The film opens with a raucous encore by a three-woman rock band called Something She, which we learn through home movie style flashbacks has had recent success with one of their songs that became a gold record. Moss plays the lead singer and guitarist, Becky Something (obviously not her real name), and after the show we witness her melting down as her ex visits the dressing room with their infant daughter and his new girlfriend. It doesn’t take long for us to figure out that Becky is an addict, definitely inebriated in this scene, and so full of herself that she heedlessly alienates everyone around her. She has a bizarre kind of new age shaman who follows her around performing impromptu ceremonies and making deep pronouncements. When a pop star named Zelda, played by Amber Heard, shows up offering to make Something She the opening act on her new tour, Becky goes into full nasty mode, mercilessly ripping apart her music. Then the arrival of the band’s manager, the incredibly patient Howard, played by Eric Stoltz, does little to resolve the tension, during which the bass player, played by Agyness Deyn, and drummer (Gayle Rankin), become increasingly disturbed.
The scene is played out in what amounts to real time, and that is Perry’s strategy throughout the film, which has five scenes in total.

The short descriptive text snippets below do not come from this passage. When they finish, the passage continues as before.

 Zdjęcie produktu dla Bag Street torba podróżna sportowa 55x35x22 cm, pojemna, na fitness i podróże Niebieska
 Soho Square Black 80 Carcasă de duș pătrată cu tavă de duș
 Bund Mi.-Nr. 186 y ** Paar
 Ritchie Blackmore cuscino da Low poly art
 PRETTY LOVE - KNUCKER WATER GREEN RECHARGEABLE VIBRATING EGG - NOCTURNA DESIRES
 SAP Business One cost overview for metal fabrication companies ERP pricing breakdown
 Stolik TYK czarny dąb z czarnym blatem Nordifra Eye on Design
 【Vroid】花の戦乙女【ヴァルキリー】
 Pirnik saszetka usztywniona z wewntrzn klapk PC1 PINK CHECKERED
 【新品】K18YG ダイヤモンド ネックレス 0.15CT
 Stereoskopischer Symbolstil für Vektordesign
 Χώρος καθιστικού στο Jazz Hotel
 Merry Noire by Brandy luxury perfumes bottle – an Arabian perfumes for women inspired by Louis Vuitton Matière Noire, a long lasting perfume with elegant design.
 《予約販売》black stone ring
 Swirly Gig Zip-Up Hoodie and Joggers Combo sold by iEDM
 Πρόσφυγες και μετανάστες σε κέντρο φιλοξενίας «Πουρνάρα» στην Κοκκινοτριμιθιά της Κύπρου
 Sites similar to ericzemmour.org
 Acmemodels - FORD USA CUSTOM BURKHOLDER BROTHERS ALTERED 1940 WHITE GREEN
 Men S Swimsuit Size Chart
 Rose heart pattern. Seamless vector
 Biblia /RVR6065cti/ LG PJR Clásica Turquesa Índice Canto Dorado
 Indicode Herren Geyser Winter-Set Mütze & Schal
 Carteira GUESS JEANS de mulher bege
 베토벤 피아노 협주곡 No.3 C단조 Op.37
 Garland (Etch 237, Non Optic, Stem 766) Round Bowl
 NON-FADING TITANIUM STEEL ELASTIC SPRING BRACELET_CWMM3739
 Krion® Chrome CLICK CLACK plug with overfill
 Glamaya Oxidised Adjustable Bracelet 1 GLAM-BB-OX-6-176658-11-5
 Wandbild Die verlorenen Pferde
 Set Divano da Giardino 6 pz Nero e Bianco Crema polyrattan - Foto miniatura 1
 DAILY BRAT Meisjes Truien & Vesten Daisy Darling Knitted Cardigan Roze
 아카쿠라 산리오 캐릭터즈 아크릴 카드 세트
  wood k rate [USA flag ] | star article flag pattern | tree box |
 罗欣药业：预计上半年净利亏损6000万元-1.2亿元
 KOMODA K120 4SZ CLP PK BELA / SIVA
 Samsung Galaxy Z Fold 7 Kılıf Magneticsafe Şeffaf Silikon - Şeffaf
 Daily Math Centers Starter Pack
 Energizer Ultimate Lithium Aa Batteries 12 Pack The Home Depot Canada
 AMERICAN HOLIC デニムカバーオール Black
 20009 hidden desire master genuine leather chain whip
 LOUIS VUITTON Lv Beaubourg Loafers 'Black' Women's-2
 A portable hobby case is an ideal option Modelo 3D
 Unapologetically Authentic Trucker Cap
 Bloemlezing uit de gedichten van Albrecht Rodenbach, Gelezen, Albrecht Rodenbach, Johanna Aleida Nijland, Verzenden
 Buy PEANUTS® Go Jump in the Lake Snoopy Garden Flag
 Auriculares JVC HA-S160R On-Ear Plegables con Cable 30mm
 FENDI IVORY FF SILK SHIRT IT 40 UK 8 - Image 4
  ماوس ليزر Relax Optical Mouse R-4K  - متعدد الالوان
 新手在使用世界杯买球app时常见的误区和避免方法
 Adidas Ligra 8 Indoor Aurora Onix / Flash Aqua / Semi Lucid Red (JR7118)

The second scene is in a recording studio, where Becky ups the ante, and the third is prior to a concert for which she shows up hours late and where we meet her long-suffering mother, played by Virginia Madsen.
But to say that Becky is hard to take is an understatement, and the film pushes the audience to the limit just like the characters. All I can say is: you need to hang on because, I can assure you, there is a payoff, and it comes in the last two scenes, in which Becky must finally face the wreckage she’s created.
Elisabeth Moss has become one of the most sought after actresses in movies and television because of her ability to tap raw emotion, the versatility in the types of roles she can play, and because of her lack of vanity. She doesn’t hold back here—the raging sarcasm and torrential outpouring of free association is all the more amazing balanced with the quiet, cavernous grief of her performance as the chastened Becky in the film’s second half.
This is a music film about the empty spaces between the notes, and the terrors of ego and self-delusion that come with fame and success. But this is, however, not a cautionary film—after all, who would be cautioned by this? Her Smell turns out to be about true collaboration, about letting your friends help create the kind of art that you could never make on your own.